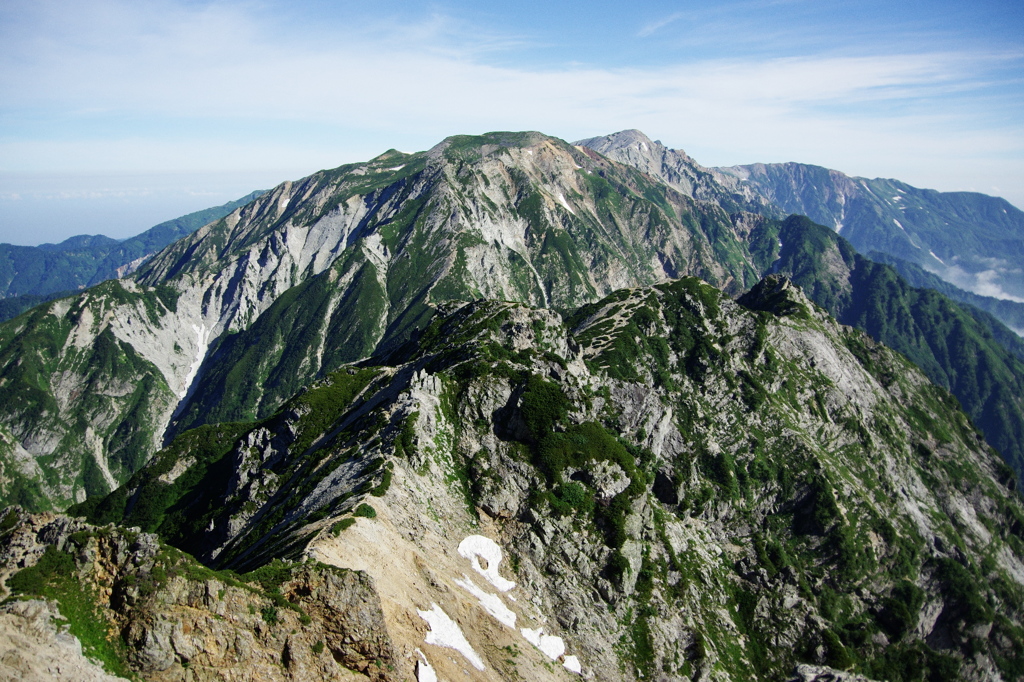 白馬三山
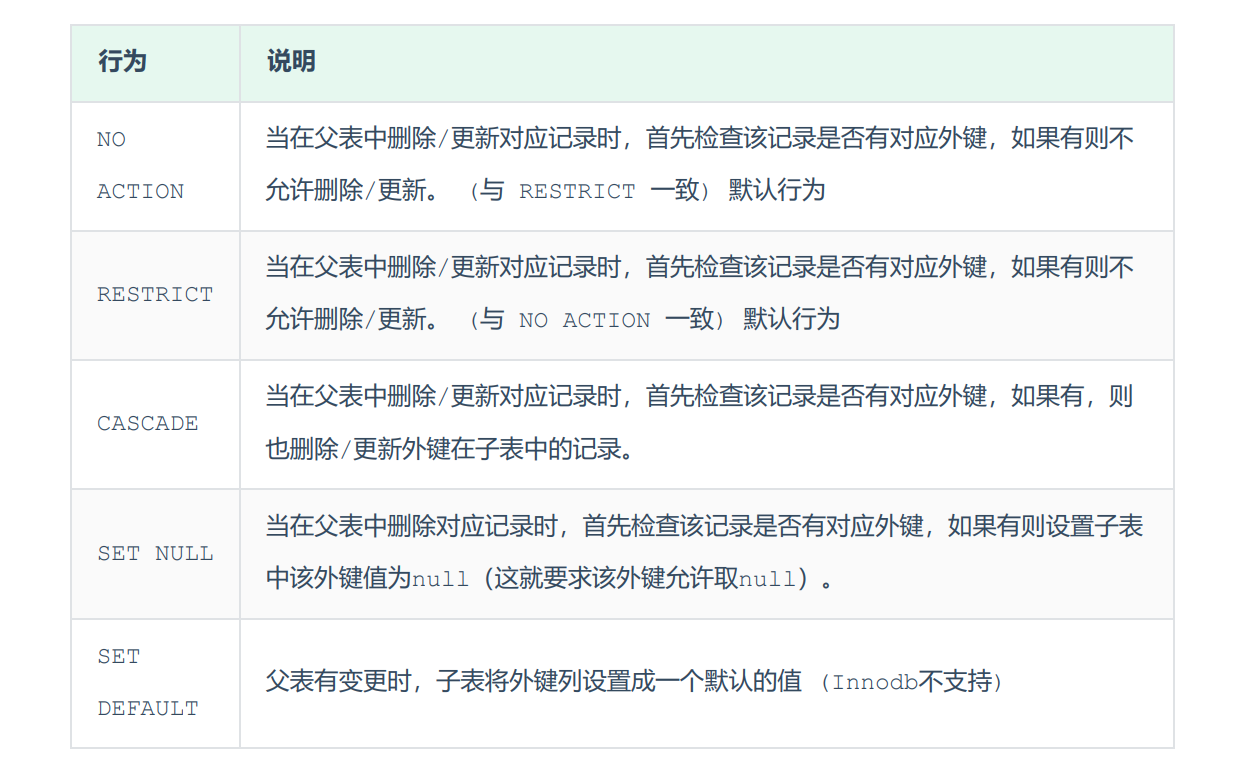 image-20230501101541309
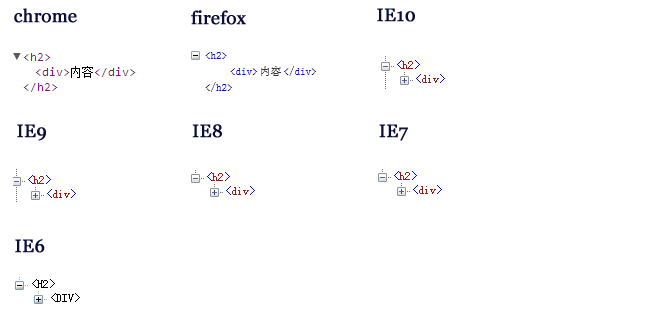 h2元素嵌套div元素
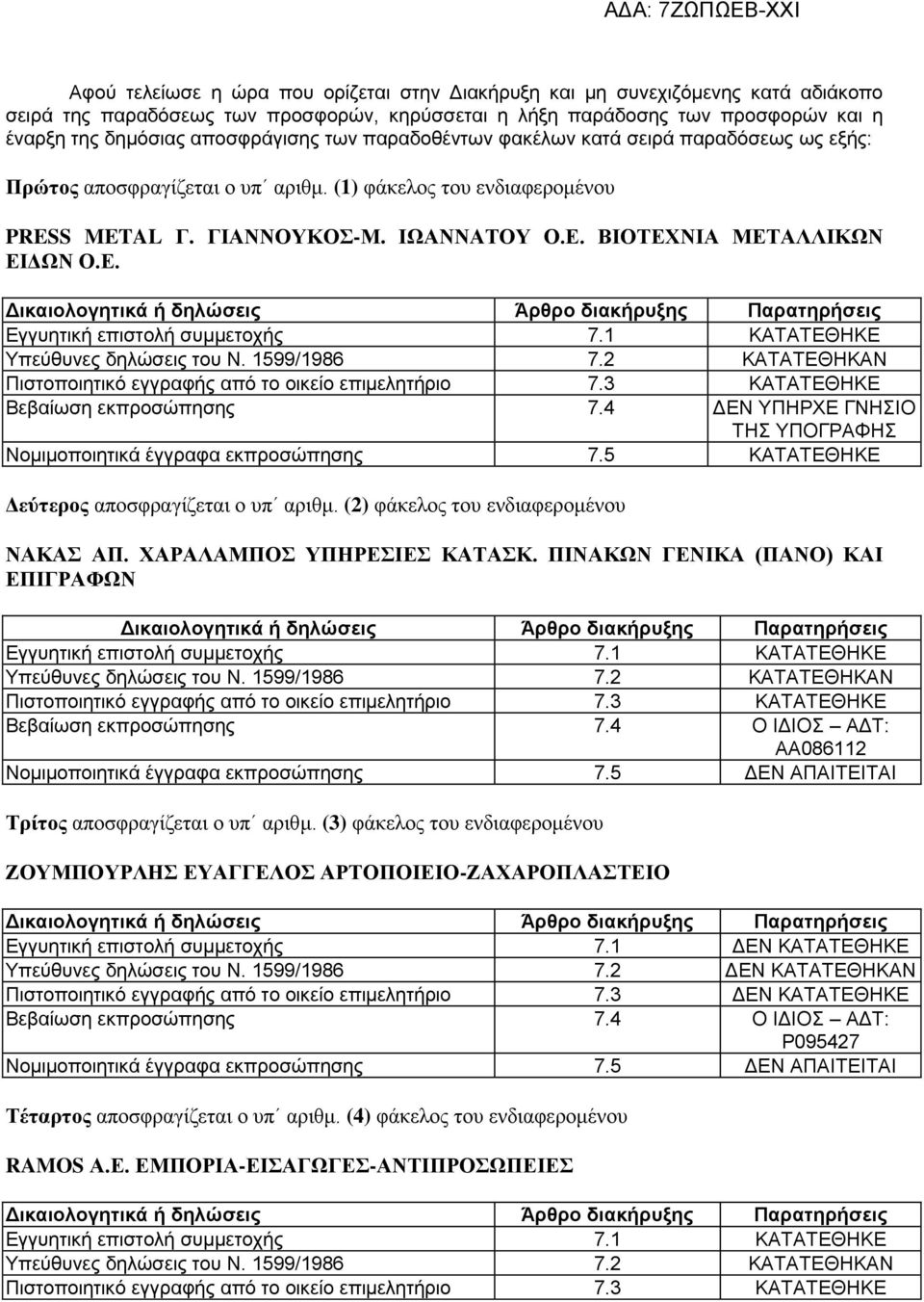 1599/1986 7.2 ΚΑΤΑΤΕΘΗΚΑΝ Πιστοποιητικό εγγραφής από το οικείο επιμελητήριο 7.3 ΚΑΤΑΤΕΘΗΚΕ Βεβαίωση εκπροσώπησης 7.4 ΔΕΝ ΥΠΗΡΧΕ ΓΝΗΣΙΟ ΤΗΣ ΥΠΟΓΡΑΦΗΣ Νομιμοποιητικά έγγραφα εκπροσώπησης 7.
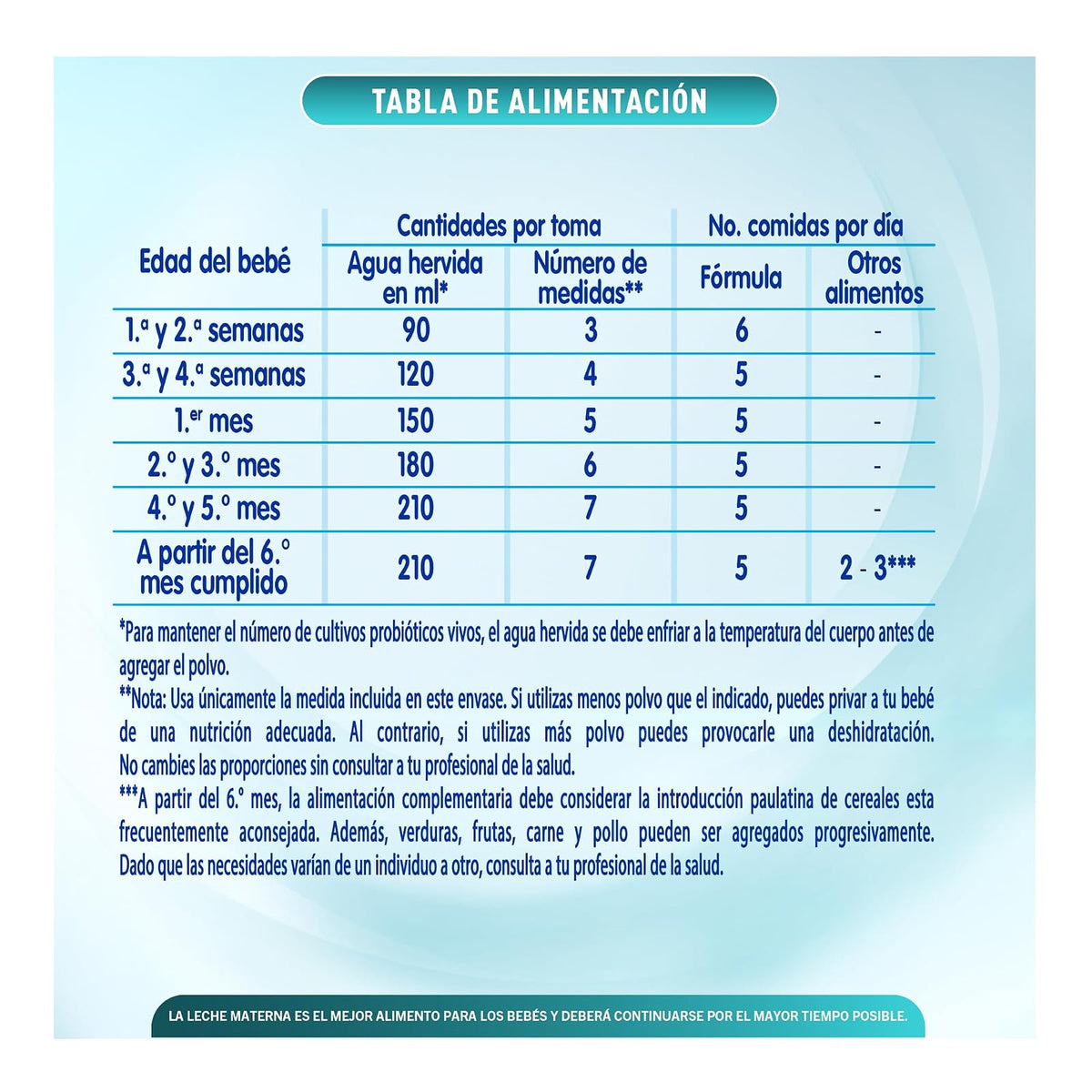 NAN 1 Optimal Pro Fórmula Para Lactantes a Base de Leche Etapa 1 Lata 720 g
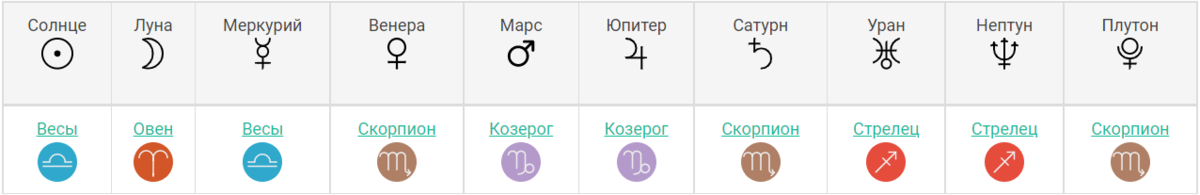Павел Дуров - астрологический портрет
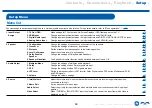 Preview for 69 page of Onkyo TX-SR494DAB Instruction Manual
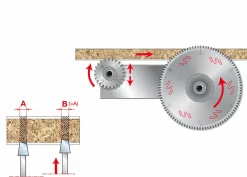 Ritzsägeblatt HM 200 x 4,3-5,5/3,2 x 45 mm, Z=36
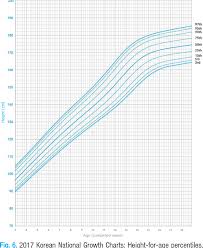Figure 6 From The 2017 Korean National Growth Charts For
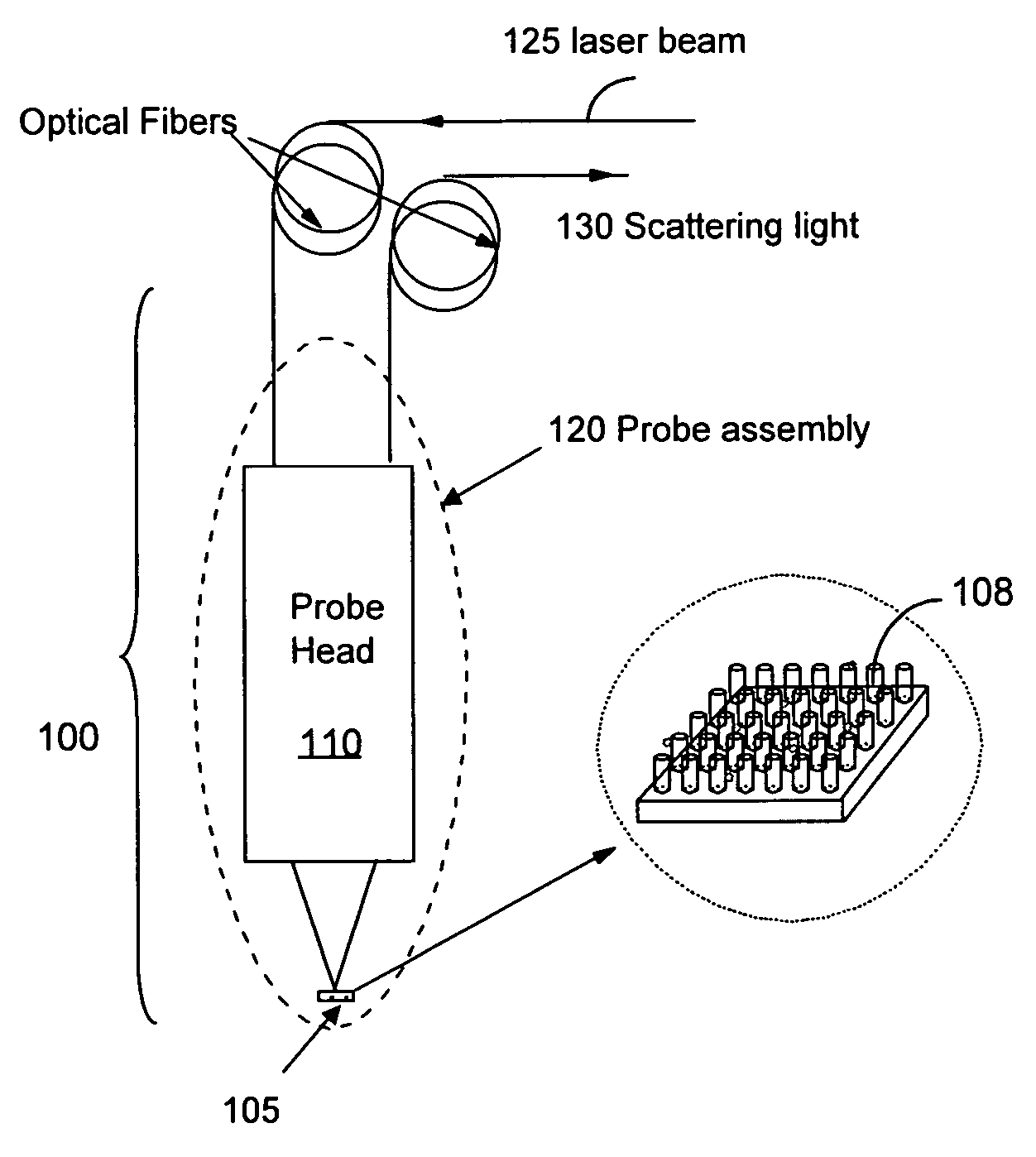 Non-invasive disease diagnosis using light scattering probe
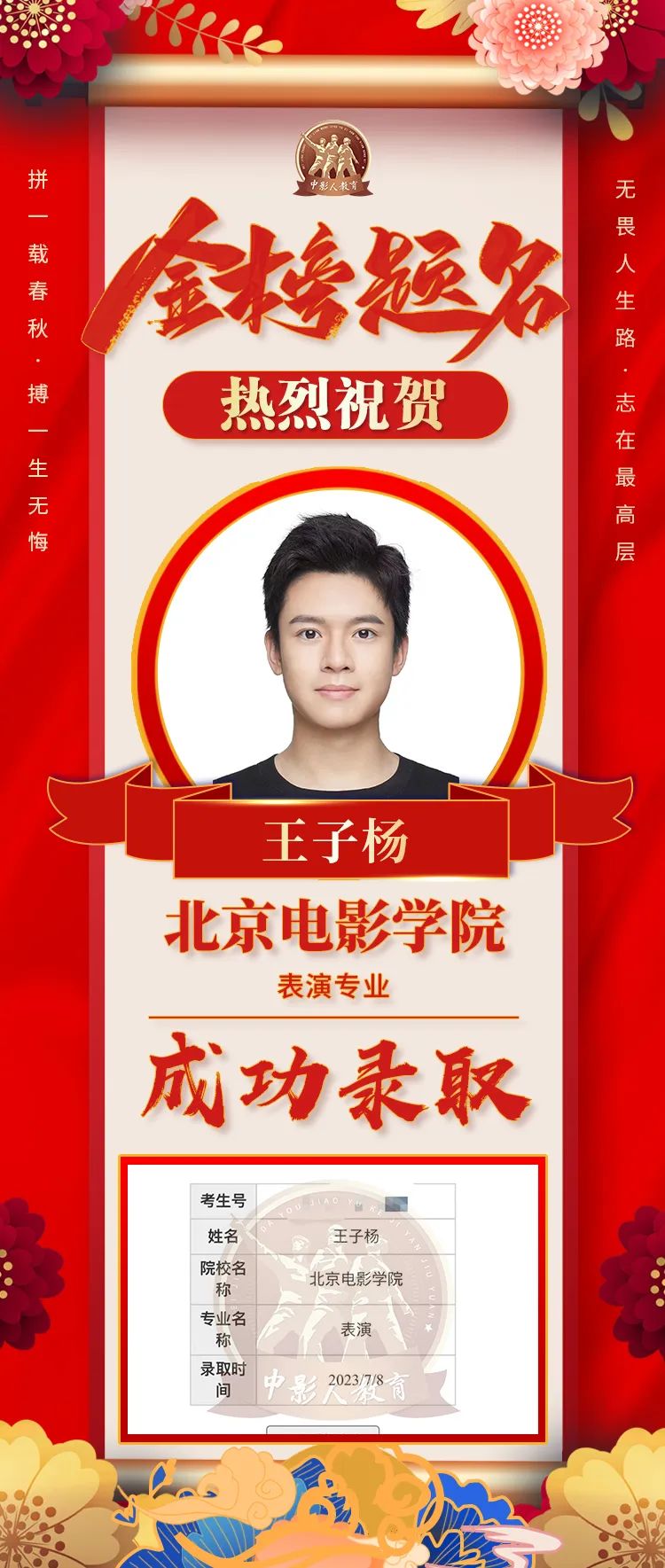 中国影人地位排行,中影厉害吗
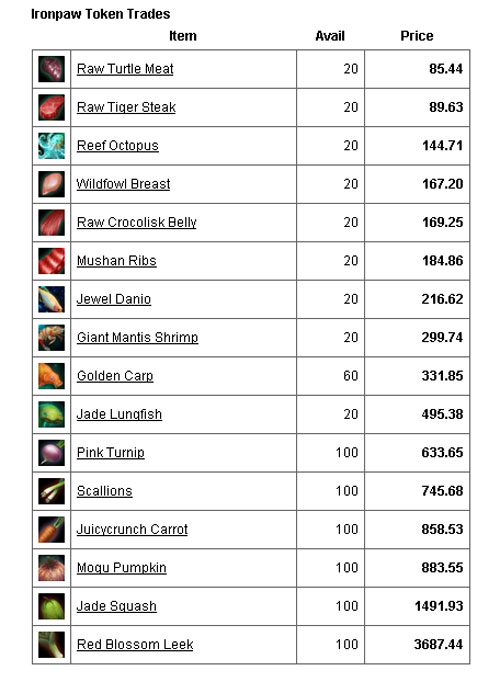 Auction House Addict Easy Gold With Pandaren Cooking On A Level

TASK REQUIREMENTS
No pictures should appear in the copy, which holds exactly the lines from the first line of the data through the line with "Ritzsägeblatt HM 200" and nothing else.

WRITTEN SOLUTION
 白馬三山
 image-20230501101541309
 h2元素嵌套div元素
 1599/1986 7.2 ΚΑΤΑΤΕΘΗΚΑΝ Πιστοποιητικό εγγραφής από το οικείο επιμελητήριο 7.3 ΚΑΤΑΤΕΘΗΚΕ Βεβαίωση εκπροσώπησης 7.4 ΔΕΝ ΥΠΗΡΧΕ ΓΝΗΣΙΟ ΤΗΣ ΥΠΟΓΡΑΦΗΣ Νομιμοποιητικά έγγραφα εκπροσώπησης 7.
 NAN 1 Optimal Pro Fórmula Para Lactantes a Base de Leche Etapa 1 Lata 720 g
Павел Дуров - астрологический портрет
 Preview for 69 page of Onkyo TX-SR494DAB Instruction Manual
 Ritzsägeblatt HM 200 x 4,3-5,5/3,2 x 45 mm, Z=36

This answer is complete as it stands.